RECORD SET =>
....

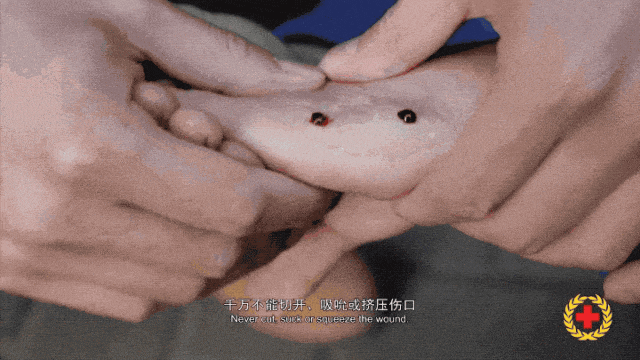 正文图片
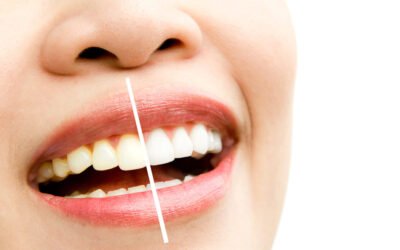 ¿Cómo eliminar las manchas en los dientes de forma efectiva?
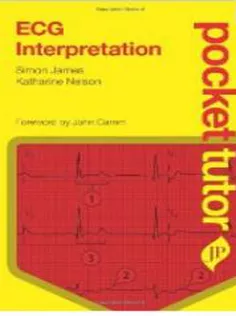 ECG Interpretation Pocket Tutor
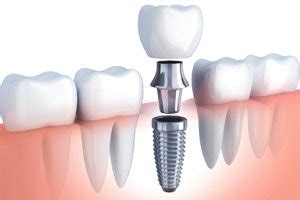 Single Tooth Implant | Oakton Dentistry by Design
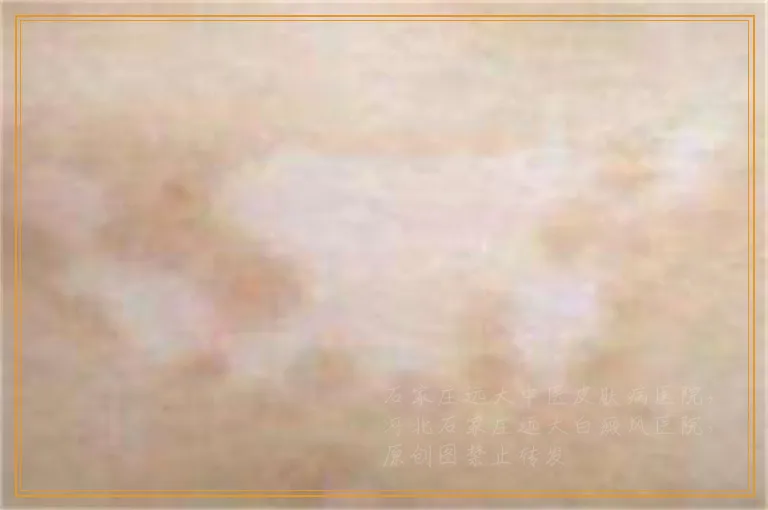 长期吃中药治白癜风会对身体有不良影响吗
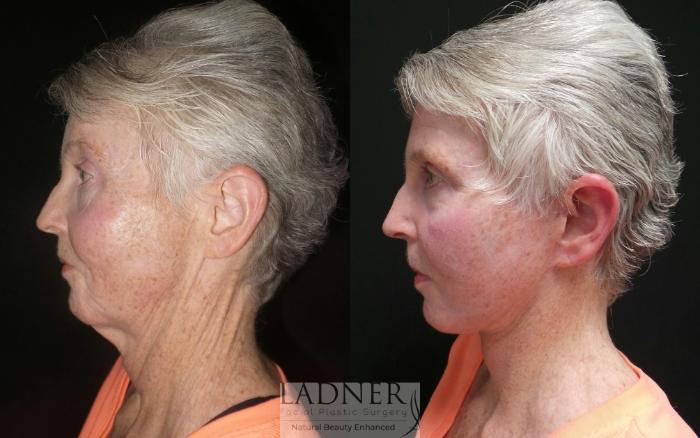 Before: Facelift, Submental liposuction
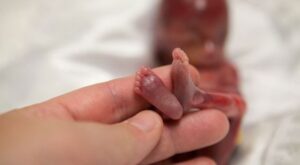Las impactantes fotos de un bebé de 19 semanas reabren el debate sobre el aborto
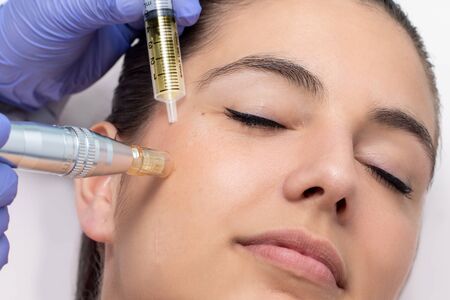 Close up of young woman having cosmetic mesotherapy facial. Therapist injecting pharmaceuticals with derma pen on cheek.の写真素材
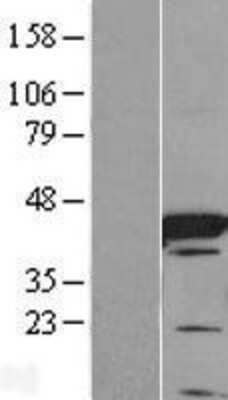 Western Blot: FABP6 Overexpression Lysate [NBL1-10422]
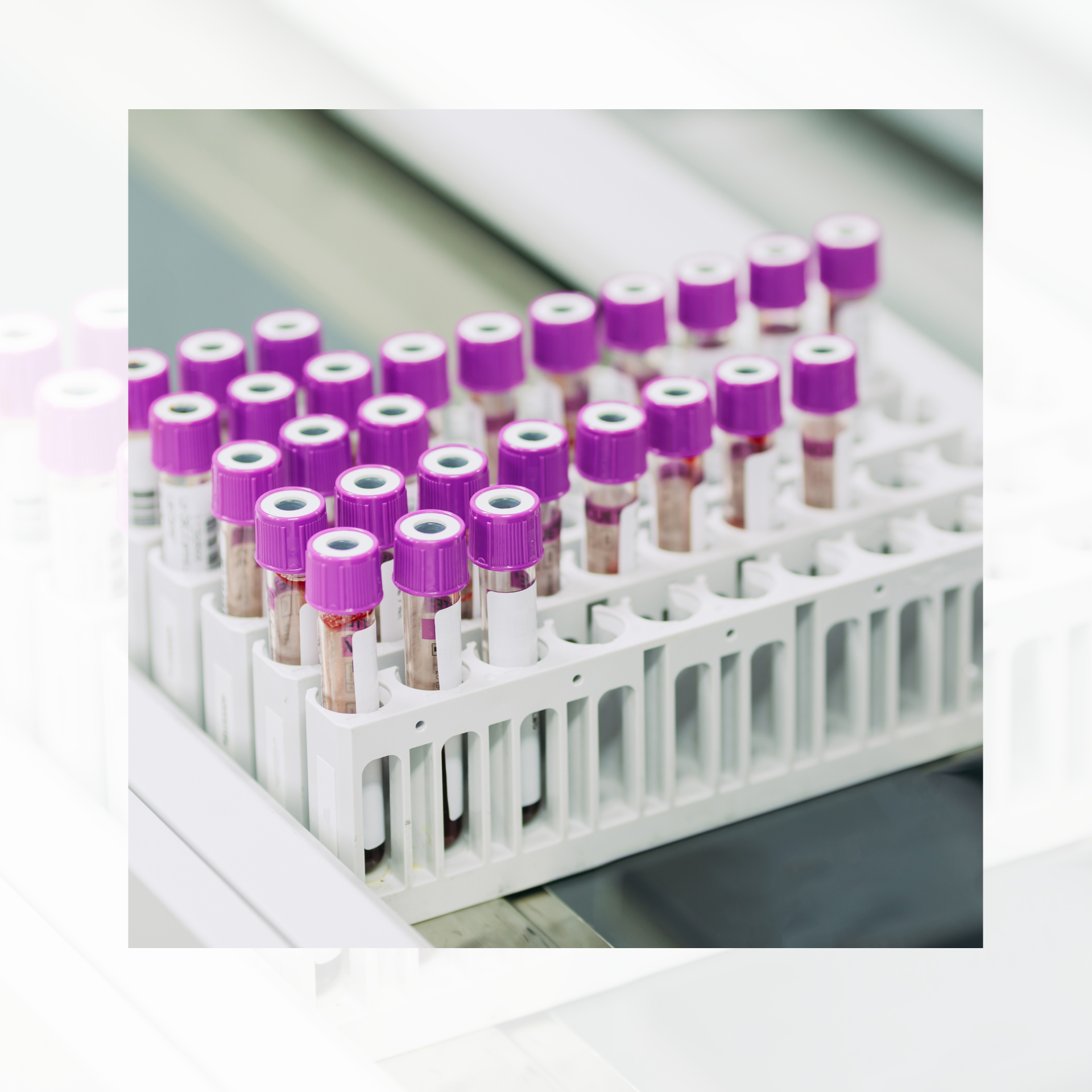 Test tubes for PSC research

....

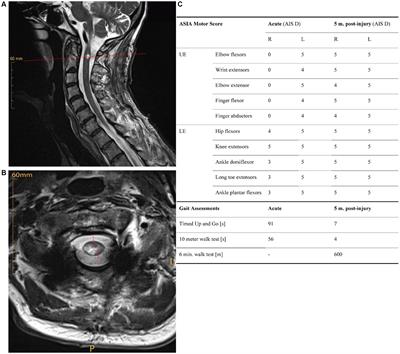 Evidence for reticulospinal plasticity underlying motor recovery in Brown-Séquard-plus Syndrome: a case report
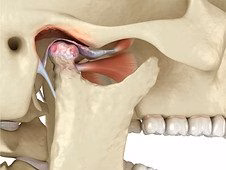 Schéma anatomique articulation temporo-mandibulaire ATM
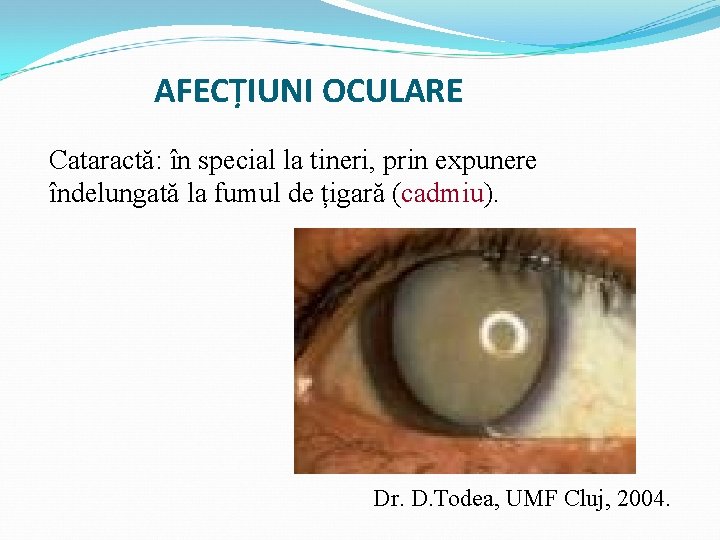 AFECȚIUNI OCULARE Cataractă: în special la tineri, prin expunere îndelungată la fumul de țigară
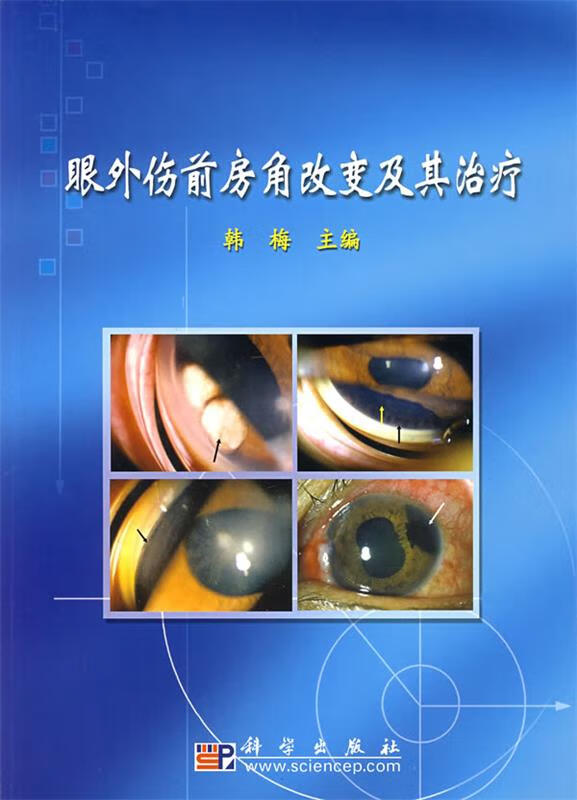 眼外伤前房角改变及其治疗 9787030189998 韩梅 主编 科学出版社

....

INSTRUCTIONS FOR THE TASK => Pictures in the material above should be skipped; print exactly the lines from the one with "Western Blot: FABP6" through the one with "Test tubes for PSC research".

SOLVED EXERCISE =>
 Western Blot: FABP6 Overexpression Lysate [NBL1-10422]
 Test tubes for PSC research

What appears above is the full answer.